Beyond Nakuru to what was known as Port Florence (Later Kisumu), the track went through difficult territory of the Mau escarpment which was very cold.
The commissioner of Uganda noted: “The construction team suffered badly from wet and cold conditions in the highlands of the Mau, and then from the tropical fevers on the humid, swampy, flat lands of Kavirondo, approaching Lake Victoria.”
On December 19, 1901, engineer Preston and his team laid a record length of 10,400ft of line ending at Port Florence (Kisumu) on Lake Victoria. The following day project chief engineer Whitehouse accompanied the Commission of the East African protectorate (Kenya), Sir Charles Elliot, to witness the end of the project.
A telegram was sent to King Edward VII and premier Salisbury announcing the completion of the project.
According to Henry Guston’s presentation to the Science Museum of London on December 11, 2002, Preston recorded in his diary that at 4pm on December 20, 1901, his wife Florence drove the last sleeper key at the edge of the lake to commemorate the completion of the job.
In September 1903, the Uganda Railway committee, which had been created to oversee the construction, was dissolved.
The first railway to Uganda
The first railway into Uganda proper was extended in the mid-1920s from Nakuru to Soroti through Tororo in 1929 before coming down to Jinja through Namasagali.
The line to Kampala across the Nile bridge at Jinja was done by the Nicholson brothers. Ramsay Nicholson and his young brother Pearce supervised the construction of the railway bridge in 1926.
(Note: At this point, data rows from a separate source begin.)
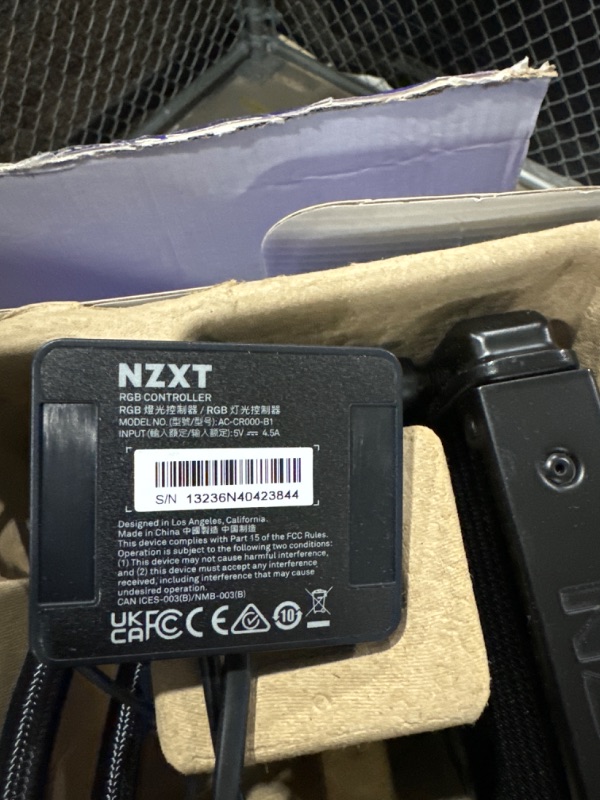 Photo 5 of NZXT Kraken 360 RGB - 360mm AIO CPU Liquid Cooler - Customizable 1.54"" Square LCD Display for Images, Performance Metrics - High-Performance Pump - 3 x F120 RGB Core Fans - Black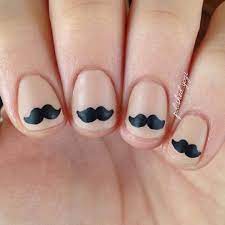 mustache nail art designs k4 fashion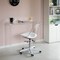 Fabulaxe Clear Acrylic Desk Chair - Armless Office Chair, Height Adjustable, Rolling Chair - Modern QI004673.CL - alternate 6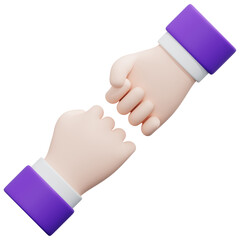3D Fist Bump Gesture Icon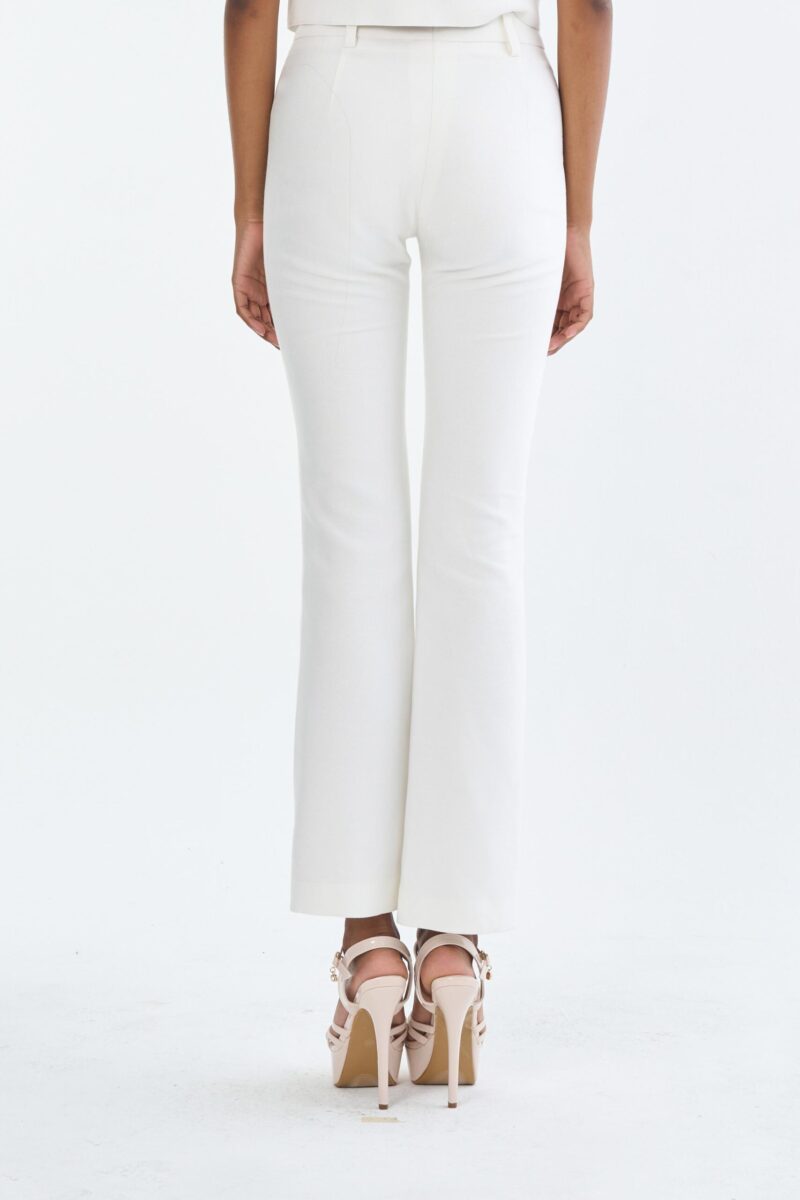 White Pants Bootcut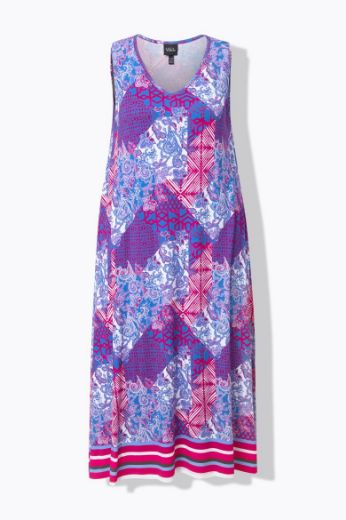 Moda za polnejše Haljina maxi bez rukava plus velikost, xxl, Ulla Popken in Johann Popken (JP1880)
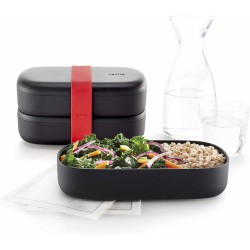 LunchBox to go - Black Édition + Couverts - LEKUÉ - Conservation / Boite / Emballage - DE-514498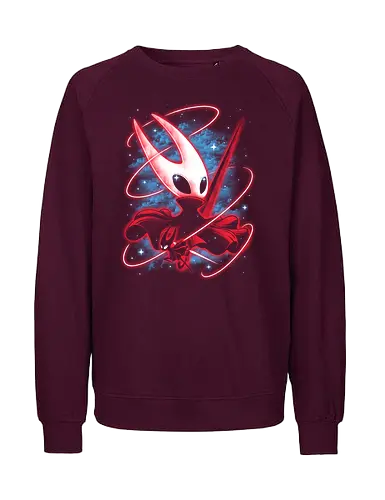 Shadow Hornet - knight, hornet, gaming, games, gamer, video games, vintage, japanese, magical, magic, video gaming, silksong, silk song, Bug Knight, hollow knight silksong - Fairtrade Sweatshirt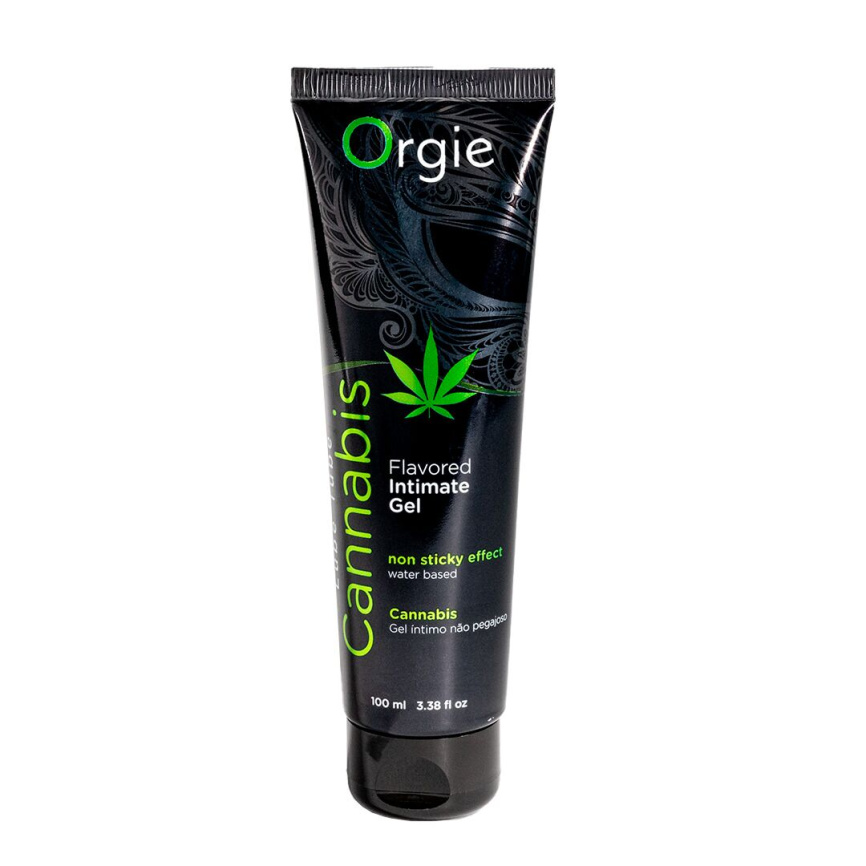 Лубрикант на водній основі Orgie Lube Tube Cannabis, 100 мл, їстівний, з олією насіння конопель фото 1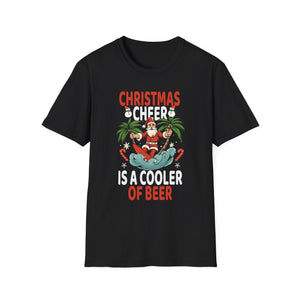 Christmas Cheer Is A Cooler Of B for Sommer Christmas Unisex T-Shirt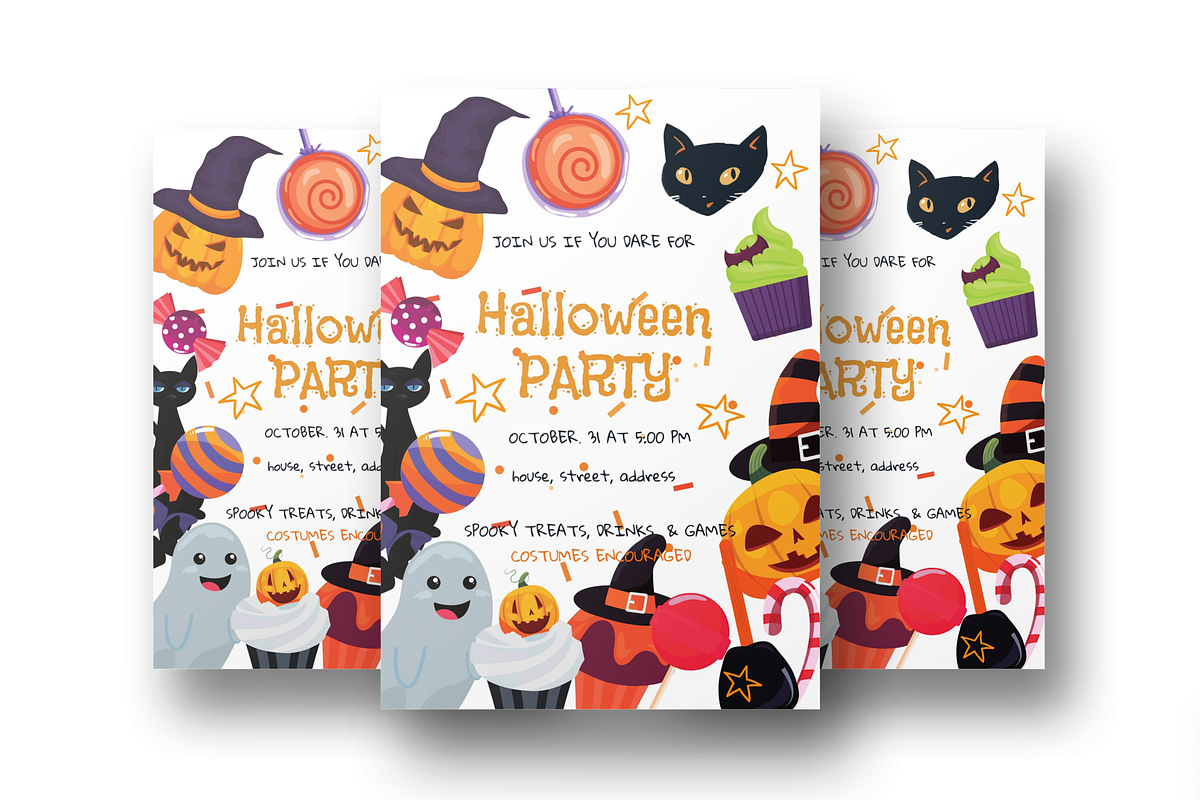 Editable Halloween Invitation, an Invitation Template by ForeverPrint (Photo 6 of 8)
The railway finally reached Kampala in 1931 before being extended to Kasese in western Uganda where it reached in 1956 and the northern line reaching Arua in 1964.
Rise and fall
Uganda Railways Corporation (URC) was a government parastatal formed after the collapse of the East African Community (EAC). Before the collapse of the EAC, the Uganda Railway was part of the East African Railways, a body formed by the British to manage the network after laying other lines connecting to the main route.
However, with the breakup of the community, the East African Railways and Harbour Authority was no more and it gave birth to the Uganda Railways Corporation in 1977.
During Uganda Railways glorious days, it covered 190km from Kampala to the Kenyan border and 8km between Kampala and Port Bell.
From Kampala it went to Kasese in western Uganda, and its northern route went through Tororo, Mbale, Soroti, Pakwach, Lira and ended in Gulu Town, covering 1,266km in Uganda alone.
It was in 1989 that the last train to Kasese made its journey, 33 years after its maiden trip and 58 years since it had reached Kampala.
Financial and human costs
The total cost of the line from Mombasa was £5.5m (Shs24.7b) with each mile costing £9,422 (Shs42m).
In terms of human resource, by March 1901, more than 20,000 men from India and 2,500 from East Africa had worked on the railway. About 6,500 were badly wounded and became incapacitated, while 2,500 died mainly from tropical disease.
The number of Africans who were injured or died while working on the project was not recorded.
By the time the rail reached Port Florence (Kisumu), the area was still part of Uganda. However, in April 1902, Port Florence, during the redrawing of the border between the two British protectorates, was transferred westwards and became part of present day Kenya.
This transfer of Ugandan territory made the entire Uganda Railway to become Kenyan owned.